Ka’ramuu Kush, who starred in The Black Rep’s imaginative production of “Pericles,” will play Malcolm X in “The Meeting,” and A.C. Smith will be back in “The Trials of Brother Jero.” “For Colored Girls Who Have Considered Suicide/ When the Rainbow Is Enuf” will feature a raft of Black Rep leading ladies: Linda Kennedy, Patrese D. McClain, Sharisa Whatley, Candice Jeanine and Marsha Cann. “I still need two more,” Himes said, his expression hovering between a smile and a wince.
“We still have challenges,” said Himes, currently rehearsing, as an actor, in Athol Fugard’s “My Children! My Africa!” at Washington University, where he teaches. “And this whole episode has been telling. After we lost our space, you’d be amazed at the people I never heard from.

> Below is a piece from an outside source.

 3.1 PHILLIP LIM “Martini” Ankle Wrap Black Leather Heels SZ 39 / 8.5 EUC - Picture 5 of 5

“On the other hand, I heard from a number of people who offered help, offered facilities, offered a kind word. Equity (the theatrical union) has been great, and we have storage space for sets and props at Washington U.

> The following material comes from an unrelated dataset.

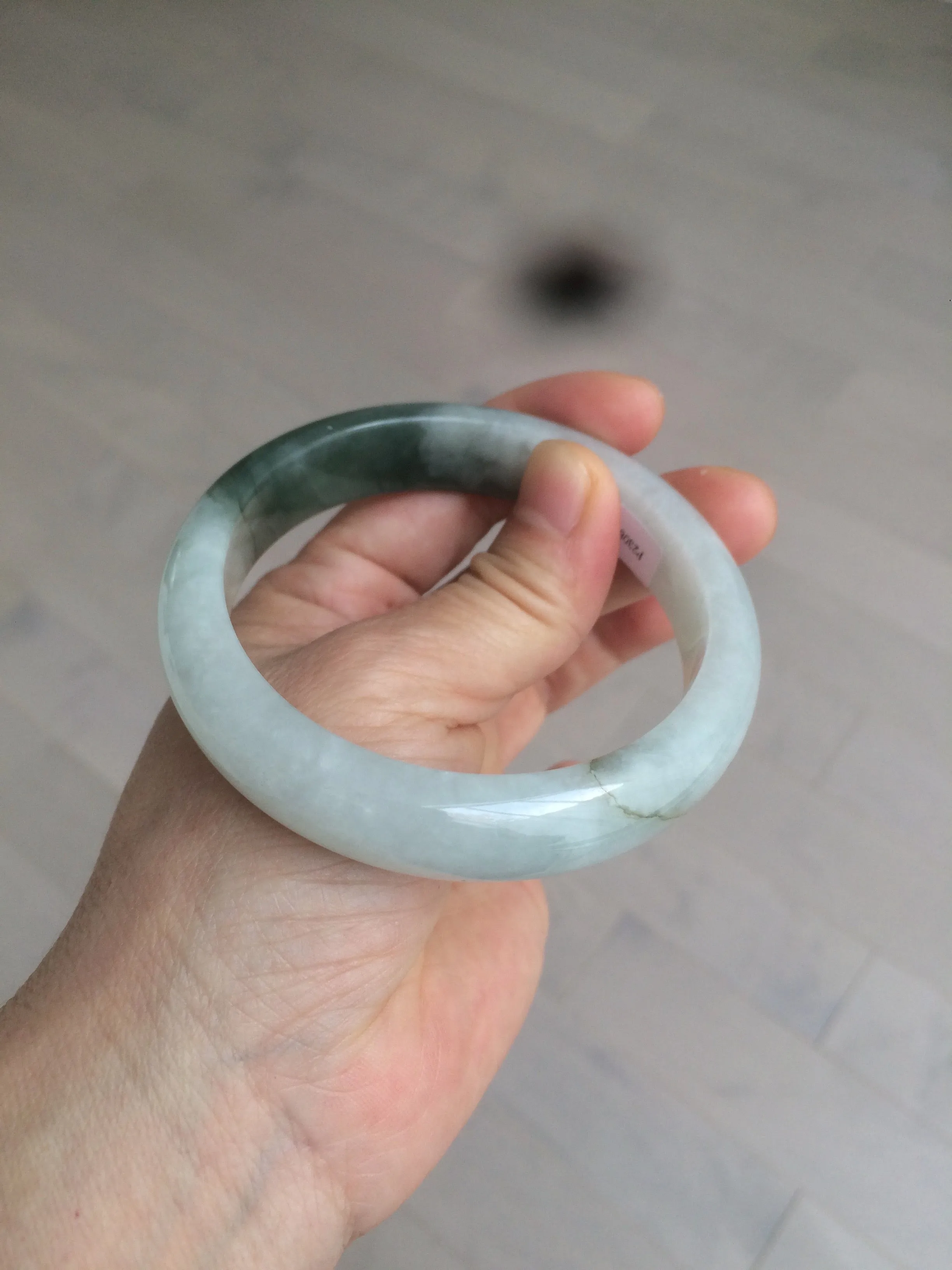 59.2mm certified type A 100% Natural watery dark green/black/white Jadeite jade bangle BF22-0395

“And the Muny and (its CEO) Dennie Reagan have been wonderful. They have given us offices, and we will rehearse ‘Black Nativity’ there. Our situation has become their situation. I can’t say enough.”
Ultimately, Himes says, he doesn’t know where The Black Rep will make its permanent home. The relationship with Harris-Stowe theater has lots of potential, but he thinks the future won’t be secure until the troupe moves into a theater of its own. After 37 years, he said, “I am thinking about a legacy.”
Black Rep Season 37
“Black Nativity” (Dec. 4-22) • Langston Hughes’ retelling of the traditional Christmas story, expressed through dance and gospel music.

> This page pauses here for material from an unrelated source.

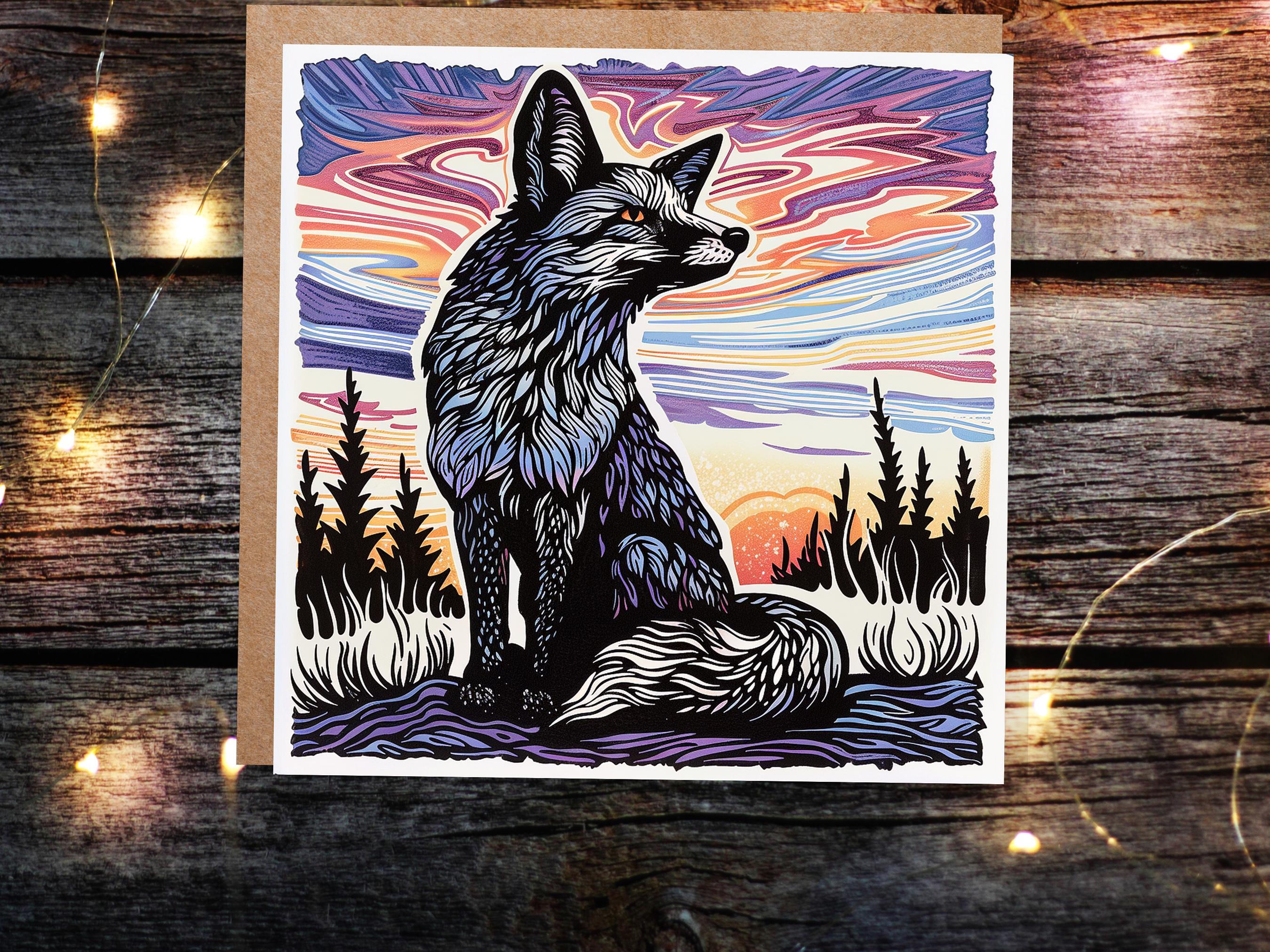 Linocut Fox Card Unique Sunset Sunrise Scene Wildlife Art Magical Countryside Snowy Trees Scene Print Art Style Birthday Card for Fox Lovers - View 2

“The Meeting” (Jan. 8-26) • Jeff Stetson’s play imagines a meeting (that never really took place) between Dr. Martin Luther King Jr. and Malcolm X.
“For Colored Girls Who Have Considered Suicide/ When the Rainbow Is Enuf” (Jan. 30-Feb. 9) • Ntozake Shange uses poetry and dance to explore the lives of black women from a variety of perspectives. This production will play at the Missouri History Museum in Forest Park.
“The Trials of Brother Jero” (April 9-27) • This comedy by the Nigerian Nobel laureate Wole Soyinka centers on a con man with a weakness for the ladies. Ron Himes, who directs the other three shows, plays the title role; Ed Smith directs.
Where • Emerson Performance Center at Harris-Stowe State University, 3026 Laclede Avenue.
More info • theblackrep.org, or call 314-534-3810
Open house • Get a preview of the Black Rep’s new home at an open house from 2 to 5 p.m. Nov. 16 at Harris-Stowe State University’s Emerson Performance Center. Ron Himes of the Black Rep and Constance Gully, interim president of the university, are the hosts. It’s free and open to the public.